Larry Coen, who plays-- in addition to Charlie-- Harry, Jim Timony, Lt. Greg, Judge, Dutchess, Kid Moreno, W. C. Fields, and a Muscle Man, is a multi-talented performer as well as co-author (with David Crane) of the Hollywood satire “Epic Proportions” that played past Saturday night on Broadway and will be staged at the Lyric later this season. (Something rather spectacular to look forward to.) Coen’s local fans will be pleased to see the fine work he does in a spectrum of roles in “Dirty Blonde”. His W.C. Fields deserves an encore, if only for holding his cantankerous own in an insult duel with Mae in top form, but it’s Coen’s Charlie that is the memorable characterization.  Starting as a mere sketch, easy to stereotype and dismiss, Charlie rounds out into a person anyone would be glad to call friend.  Jo shrieks in terror when she first bumps into him, but once past the creepy aspects of their cemetery encounter she is ready to meet Charlie more than half way -- or less, if more isn’t something that interests him.   Her new friend has a low profile job, but it is one that suits him to a T and delights her stage and screen struck self-- Charlie is a film librarian.  A scene in the library illustrates how each must temper their temperaments to reach compatibility: Jo must tone down her free wheeling, Charlie loosen up his curatorial fussbudgetry.

In interlaced scenes, Mae too is adjusting her temperament and style to groom herself for compatibility-- with the show going public, and the stardom she believes is meant to be hers.  Early on Mae became convinced that there is something that is rock bottom naturally good about what is called a Bad Girl-- “I had my first orgasm at twelve,”  she purrs, “When did you start-- or have you?” Mae believes in her body and its pleasures, and in keeping it in good shape from the inside out: no alcohol, drugs, or unhealthy food for her.
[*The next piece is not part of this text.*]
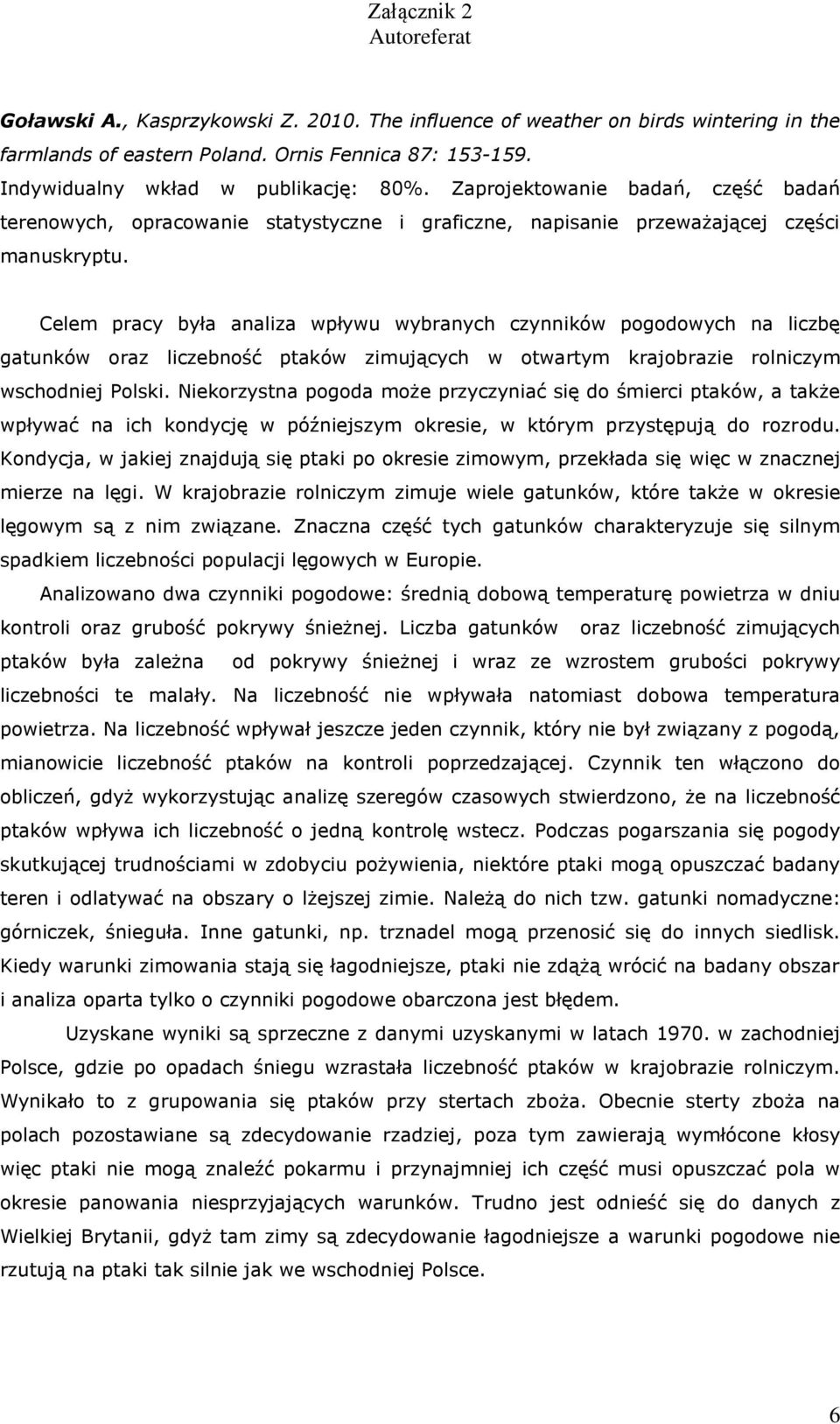 Celem pracy była analiza wpływu wybranych czynników pogodowych na liczbę gatunków oraz liczebność ptaków zimujących w otwartym krajobrazie rolniczym wschodniej Polski.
But she wasn't averse to packaging the outside according to the proven principles of advertising, using trail and error and good advice and wigs and corsets and calculated split second timing to reach her goal. Will McGarrahan is the "Dirty Blond" musical director, and also serves Mae as a source of trial and error and advice in a multitude of well defined roles, most of them on the seedy side: Armando, Joe Frisco, Frank Wallace-- Mae’s footnote of a husband-- Edward Eisner, Ed Hearn, and a parody Muscle Man.  The most important is probably Edward Eisner, the savvy ex-drag queen who teaches Mae West how to put what she has on offer Out There, Best Bits Forward, where everyone with a generous heart and an open mind could enjoy at least the sight of it.

Most everyone will enjoy it at the Lyric, and most will go away from "Dirty Blonde" feeling a bit more generous and open minded than when they came in. I, at least, am cheered up by the thought of this celebration of the working class version of benevolent narcissism as a source of comfort and joy and an antidote to depression personal or economic-- a welcome diversion from the gathering clouds of war. I'm happy to believe that Mae herself brought that kind of cheer to the victims of the Great Depression, and the Boys overseas in WWII.  I mention this because it is such a stark contrast to the aristocratic narcissism that seems to be the object of celebration in Matthew Lombardo's ill crafted biopiece on Hepburn currently playing at the A.R.T. in Cambridge. "Tea at Five" depressed the hell out of me, and I hadn't even paid $60 for a ticket.